I have been grateful to Barry Smylie, Jim Andrews, Deena Larsen and other hypertext writers for their explication of the process and thinking that has gone into their works. It's far easier to move on to the next problem than it is to write about the labyrinthine details of construction. The Director/Shockwave version that you will access on this disk is not only unfinished, it is at the very stage that the multi-media artist junks the whole thing and starts over. In the new version which emerges, the features that need to be there will stubbornly remain, and the jetsam of several exploratory drafts will be pruned out. The process of starting over is particularly important in this case, because I was learning Director as I went along.

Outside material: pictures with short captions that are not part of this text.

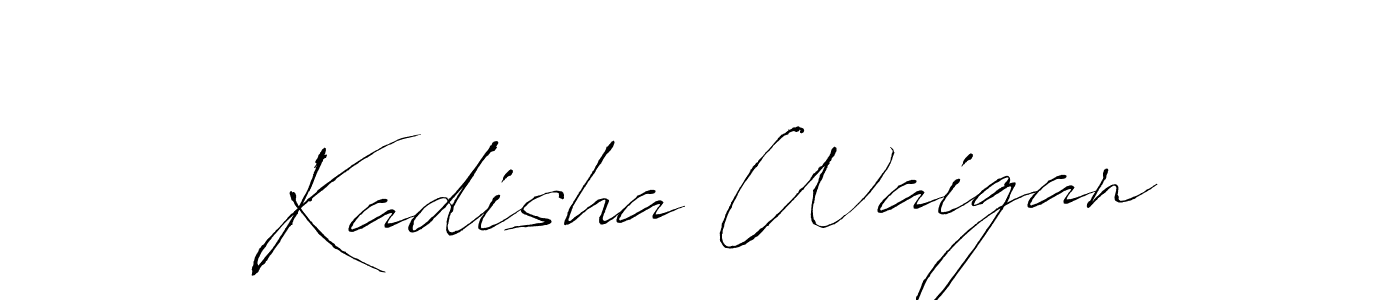 Best and Professional Signature Style for Kadisha Waigan. Antro_Vectra Best Signature Style Collection. Kadisha Waigan signature style 6 images and pictures png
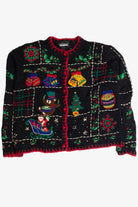 Vintage Black Ugly Christmas Cardigan 62633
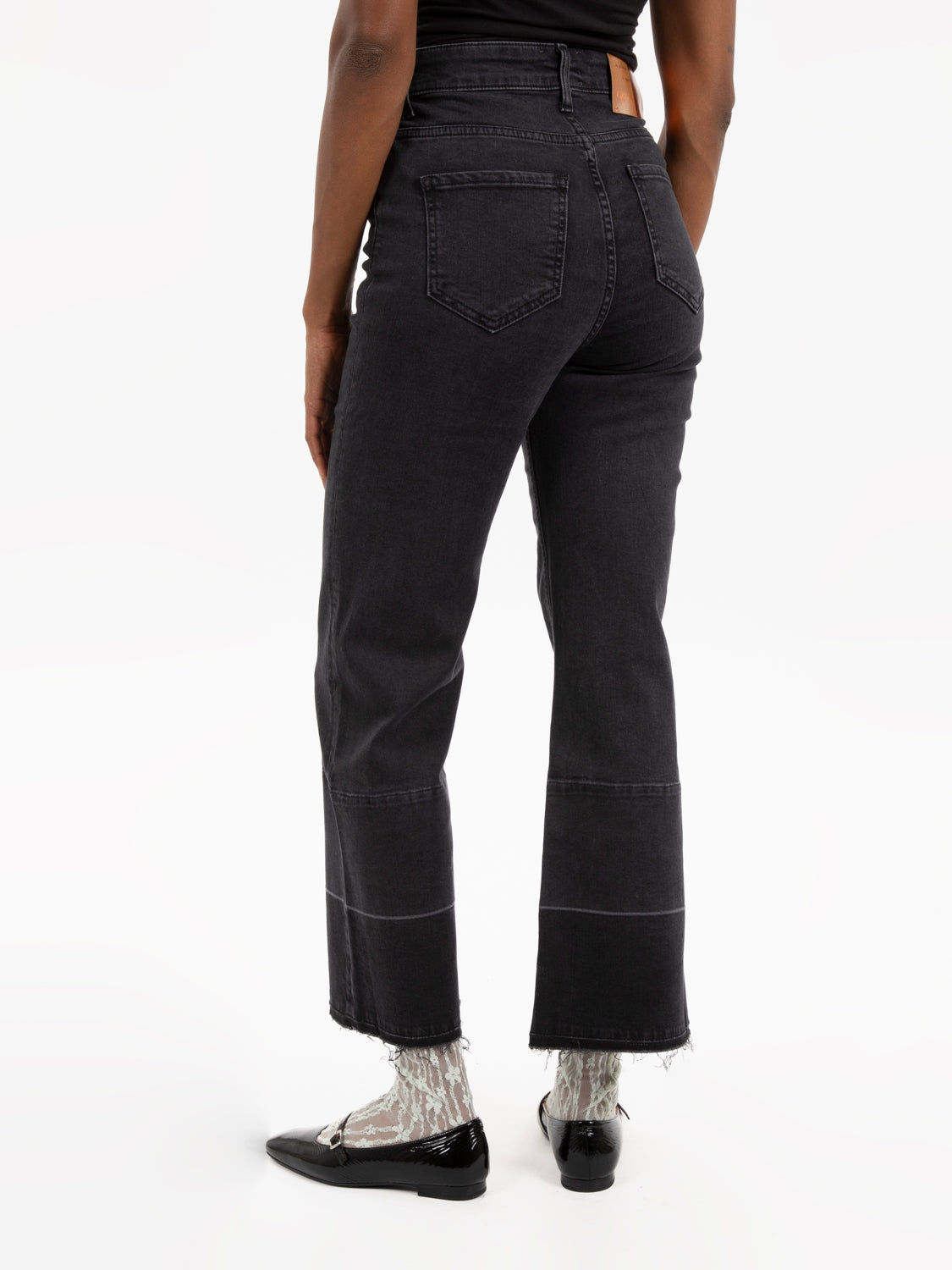Jeans wide leg neri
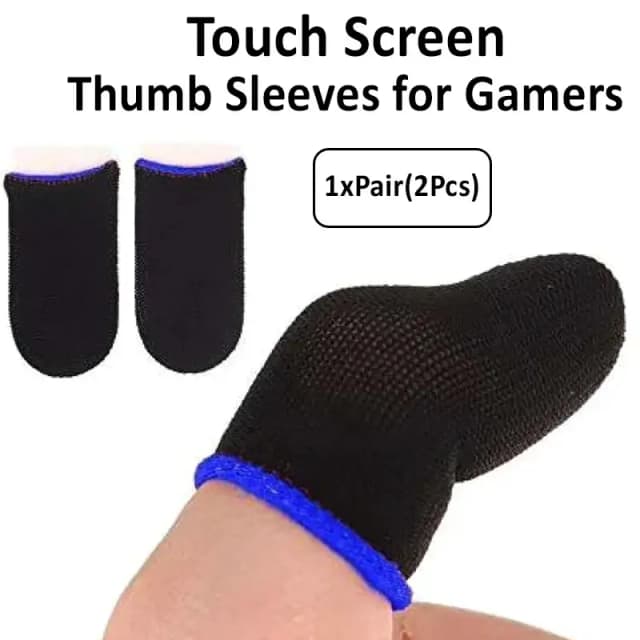 Finger Cover Game Controller for PUBG Sweat Proof Non-Scratch Sensitive Touch Screen Gaming Finger Thumb Sleeve Gloves Finger Sleeves | Pubg Thumb Gloves | pubg Finger Sleeve Gloves for Gaming | Mobile gaming Finger Sleeve | Best Finger Sleeves for PUBG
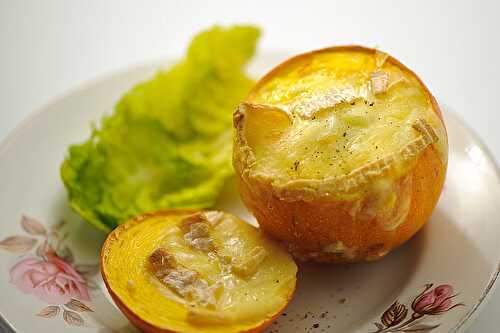 Courges pomme d'or farcies au fromage
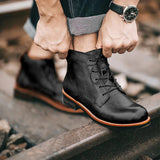 Sébastien™ | Bottines en cuir respirantes | Maya Deauville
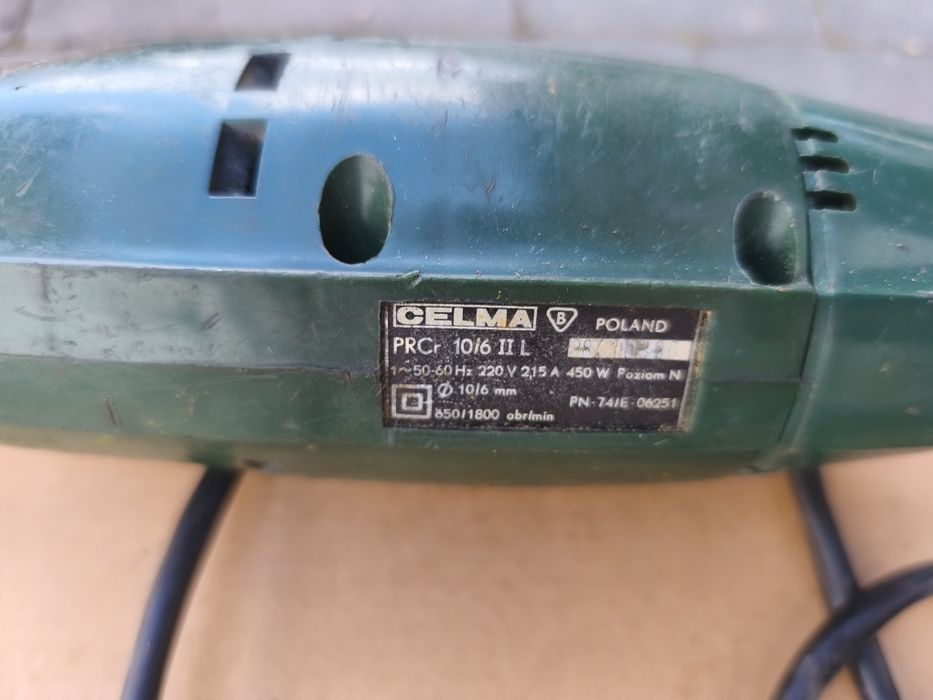 Wiertarka Celma Prcr 10/6 II L z osprzętem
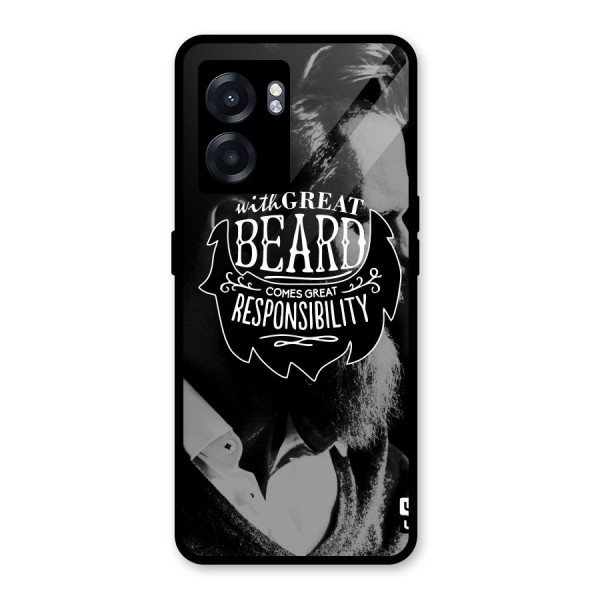 Beard Responsibility Quote Glass Back Case for Oppo K10 (5G)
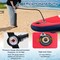 Inflatable Paddle Board with Triple Fins and Adjustable Handle
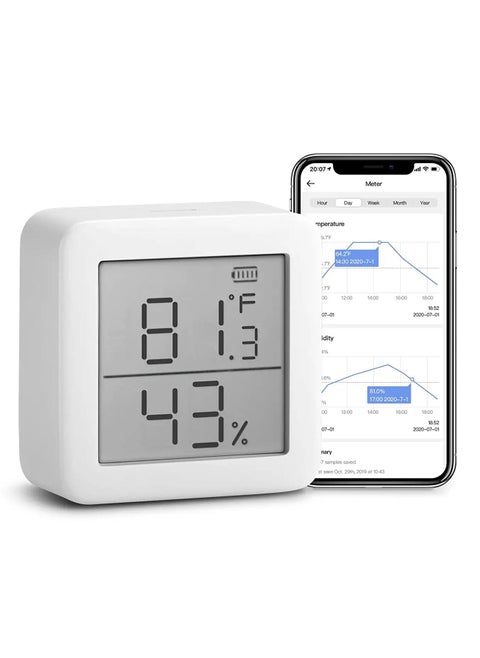 Smart Hygrometer Thermometer Bluetooth Wireless Room Temperature Humidity Sensor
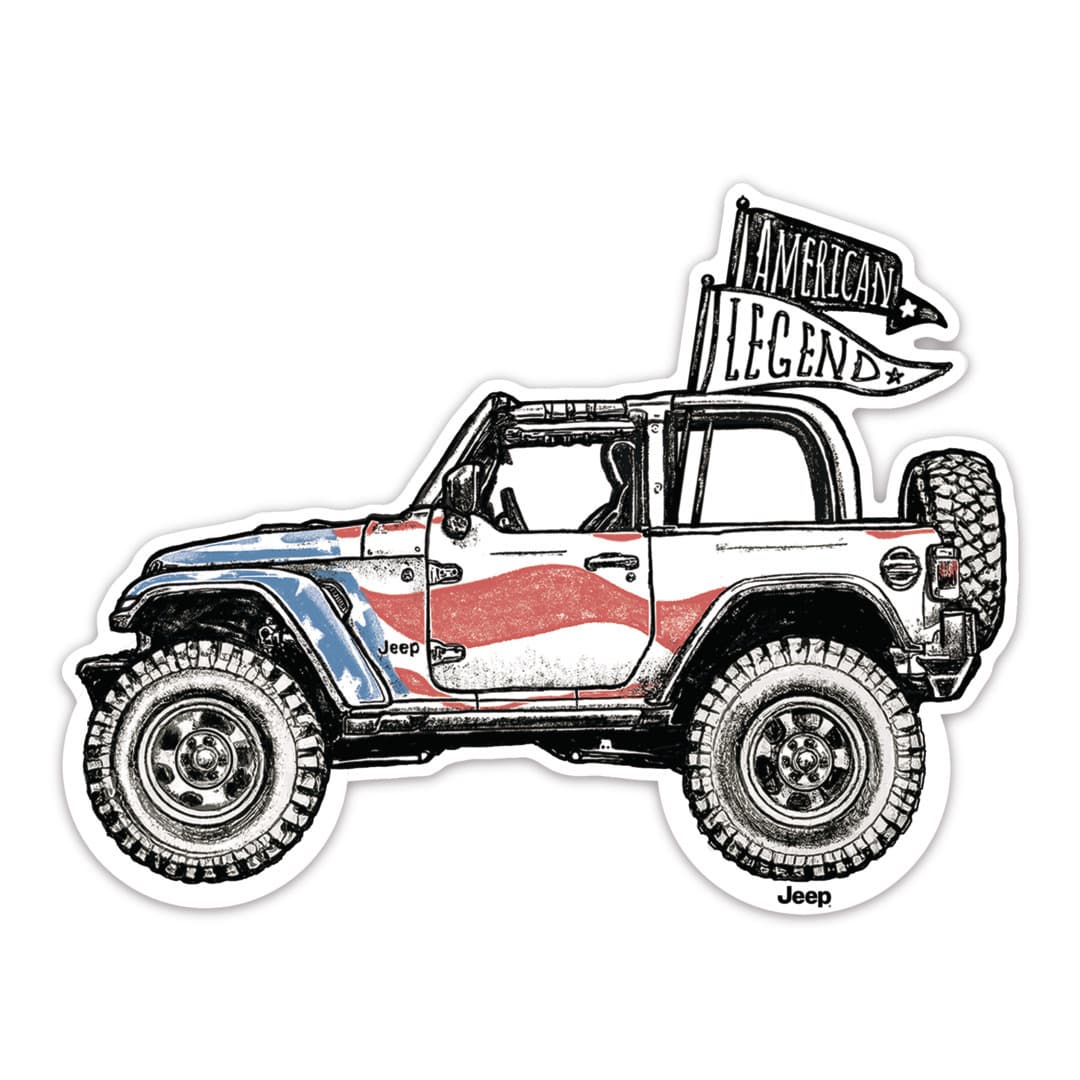 Jeep - USA Legend Sticker
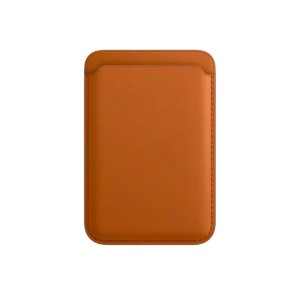 Nettech Telefon Mıknatıslı Deri Kartlık Cüzdan (Turuncu) NT-114422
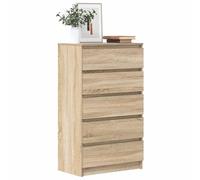KTHLBRH Cómoda de 5 Cajones de Madera Contraplacada con Amplio Almacenaje y Superficie Resistente para Organizar y Decorar tu Hogar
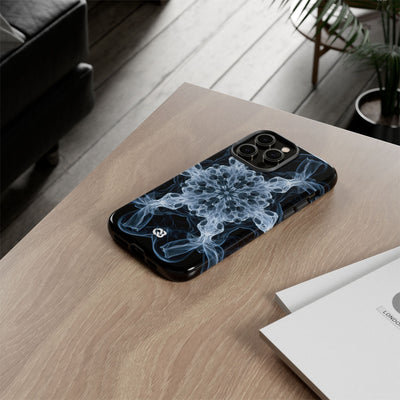 Blue Tough Phone Case for iPhone - Glacial Smoke Crown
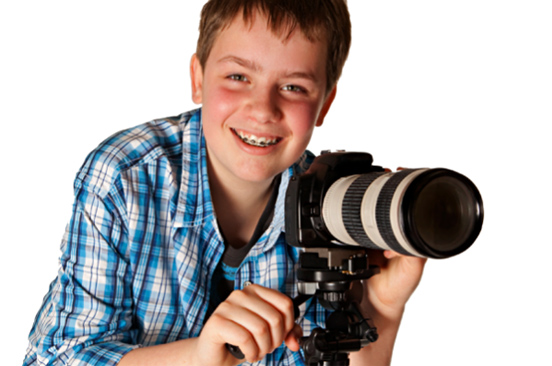 Young photographer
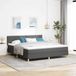 Maison Exclusive - Lit boxspring avec coussins, gris foncé, 180 x 200 cm, rembourré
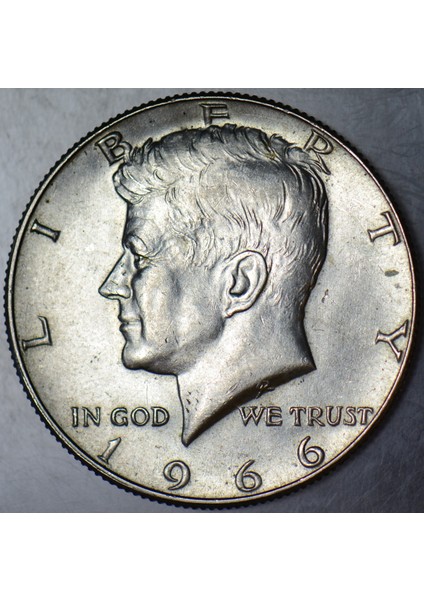 Amerika Birleşik Devletleri Gümüş Yarım Dolar 1966 Kennedy 11,3 Gr. Çil(-) modelleri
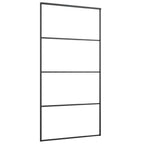 Sliding Door with Hardware Set Black 102.5x205 cm ESG Glass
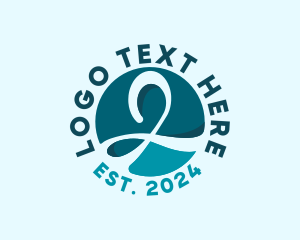 Marketing - Marketing Swirl Letter J logo design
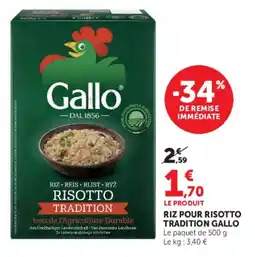Super U Gallo Risotto Tradition offre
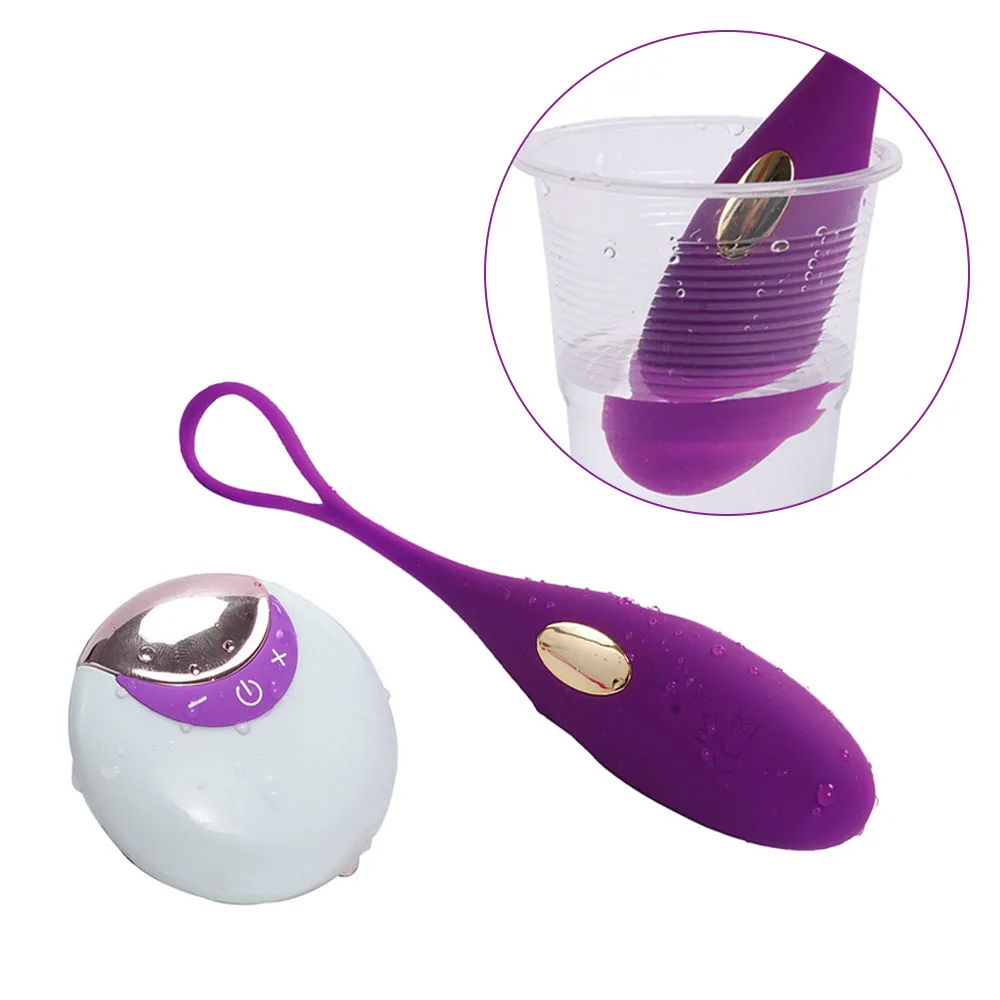 Прыгающее яйцо беспроводной пульт дистанционного управления Вибратор Пуля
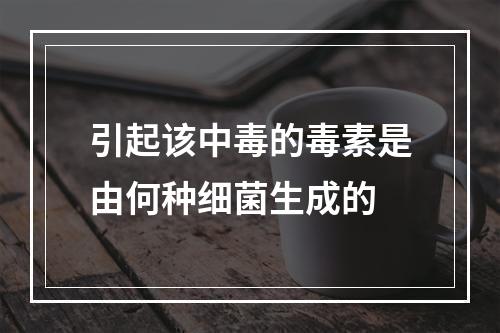 引起该中毒的毒素是由何种细菌生成的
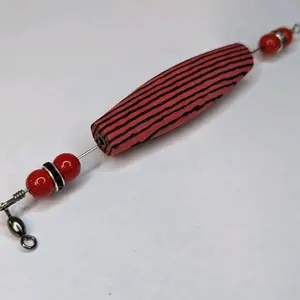 Effortlessly Suspend Bait with our Catfish Rig Float 2-Pack - Available in Red/Black or Red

A few things, however, have been central to this iteration of Going Forth. First, Director is a time-based authoring system. I had worked with Flash in the past, so I was familiar with the timeline method of setting up triggers and events. However, Flash is not well suited to interactivity - and we often see Flash pieces that simply run through without reader input. Director allows several different ways to pause a sequence, jump to another frame of the movie, or jump to another movie altogether. What is significant about these features in Director (as opposed to the spatial, object-database of Toolbook or the "page" limits of HTML) is that one makes pathways through time as well as space using this program. Left to its own devices, a 300-frame Director movie might run through in a matter of ten seconds. However, using the delay and jump features, one can construct a "temporal/spatial horizon" that will take some time to explore - a document organized in layered space and marked time. In re-creating Going Forth in Director, I have utilized this aspect of the program because it is in keeping with the fluid quality of Egyptian narratives. [I am indebted to Scott McCloud, too, for his theories of the "infinite page" in comic strips.]

In traditional critical terms, "formal" and "meta" aspects of a work are easily identified. In hypermedia work, too, we see some examples of self-referent in the use of visible coding/reference or in works whose subject is media and media theory. Another possibility for investigation, perhaps less remarked upon, is that of the work/structure referent - the way in which the structure of the work can represent a conscious interrogation of the visual/sensory language of hypermedia. One concrete example of this might be Deena Larsen's Samplers, where each stitch in the quilt graphic represents a link to a part of the story. In writing Califia, I was very concerned with the way the structure of the interface mapped to the actual geographical space. While it was a challenge to arrange an architecture where the real geography of Los Angeles, the imagined spatial structure of the hypertext, a history of events, and the narrative itself could be superimposed into one mapping system, in a sense I was only working with layered space. The screen itself was static unless I chose to introduce animation (in small elements). With Director, the program is always, already in movement. Thus, a new approach to mapping the structure of the work, and signaling this to the reader, had to be devised.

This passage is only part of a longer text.